Because they are brought by stronger pressure, this water finds itself above its freezing point and as a result has sufficient calories to melt a certain quantity of the ice located at the base of the ice shelf. Which creates melted water that is naturally less dense (the ice of the ice shelf is terrestrial ice and therefore not saline) which finds its way beneath the ice shelf; because its pressure reduces, it is brought down to below its freezing point and forms ice deposits (known as frazil ice or marine ice) which come to attach themselves under the ice shelf, thereby thickening it and in consequence strengthening it.

Jean-Louis Tison, a Belgian geographical physicist from Brussels University, whose career has been redirected towards the chemistry of the ice, describes the importance of this phenomenon: "The katabatic winds", he explains, "are capable with their incredible violence of strongly eroding the surface ice of the ice shelf and thus causing a progressive disappearance of the continental ice in favour of a contribution of ice coming from beneath the platform. The greater the quantity of marine ice that forms beneath the ice shelf, the more the platform is stabilised on the water and more the seeping coming from the ice cap is inhibited by this process. Which implies on the one hand that the splitting off of icebergs is also inhibited, and on the other that the participation of the ice cap in the raising of the seal level is restricted. If, on the contrary, the share of the melting linked to the warming of the ocean increases, the thickness of the ice shelves diminishes and, instead of being reinforced, these platforms are made weaker; which engenders a faster seeping towards the ocean and a more significant draining of the ice from the ice cap. This mechanism could, in the long run, destabilise a large part of the Antarctic ice cap and have unimaginable consequences in terms of raising sea levels."
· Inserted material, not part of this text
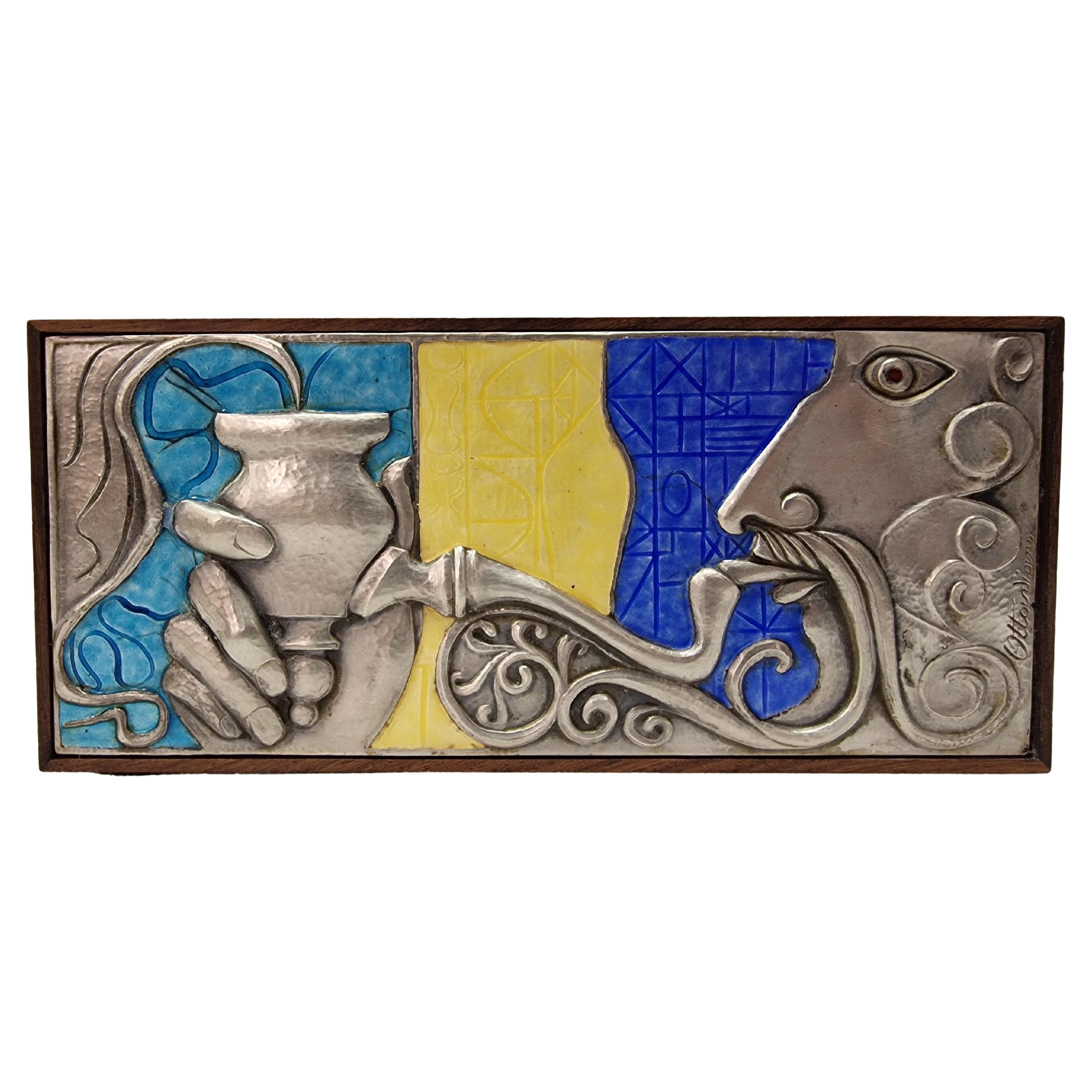 Scatola di design, fumo, argento Sterling 925 dipinto a smalto, Ottaviani, 1960 Italia in vendita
Be that as it may, the spectacle offered by the ice shelves when they are at they end of their journey is often grandiose: a vertical cliff that falls precipitously on to the ocean. The largest ice shelf in the Antarctic is the Ross Ice Shelf. With a surface area of 540,000 km², it contains a third of all the floating ice in the Antarctic and is 90 metres thick at its hinge point and 200 metres at the front. That is where fractures are produced; that is what creates icebergs.

The icebergs

Unlike the ice shelf, which is a form of ice with which the public at large is unfamiliar, the iceberg is part of the polar saga. Since the furthest time, these enormous blocks of ice have in effect provoked catastrophes and terrified navigators. The latter have often recounted how, when the visibility at the 40th parallels prevented the icebergs from being seen from afar, they would consult the thermometer in order to detect the slightest variation in temperature: a sudden fall of one or two degrees could mean, in effect, that they were in the immediate vicinity - two or three kilometres at the most - of an iceberg.
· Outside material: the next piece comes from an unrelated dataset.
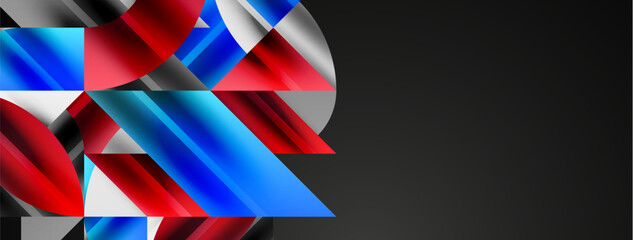 Geometric abstract background with abstract geometric shapes. Concept of creative technology, digital art, social communication, modern science for poster, cover, banner, brochure, website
There are several thousand icebergs around the Antarctic: in 1985, a scientific expedition counted at least 30,000 in an area of 4,000 km², between 40° and 168° longitude east, and it is estimated that about 1,500m³ of ice comes away from the ice shelves each year in the form of icebergs. Their size goes naturally from the lump of ice that suddenly falls from the cliff to a gigantic block that takes years to detach itself from the glacier to which it belongs. On 12 November 1956, the American vessel Glacier signalled the presence of one of the biggest icebergs that had ever been seen: it measured 335 kilometres long and 97km wide, or the size of Belgium, and, in view of its size and shape, would have contained at least 31,000k³ of ice.

In general terms, the Antarctic produces larger icebergs than those that separate from the polar ice cap or the arctic ice: they can weigh up to 400 million tons, present the same height above the water as a ten-storey building and contain enough fresh water to supply a town of three million inhabitants for a year.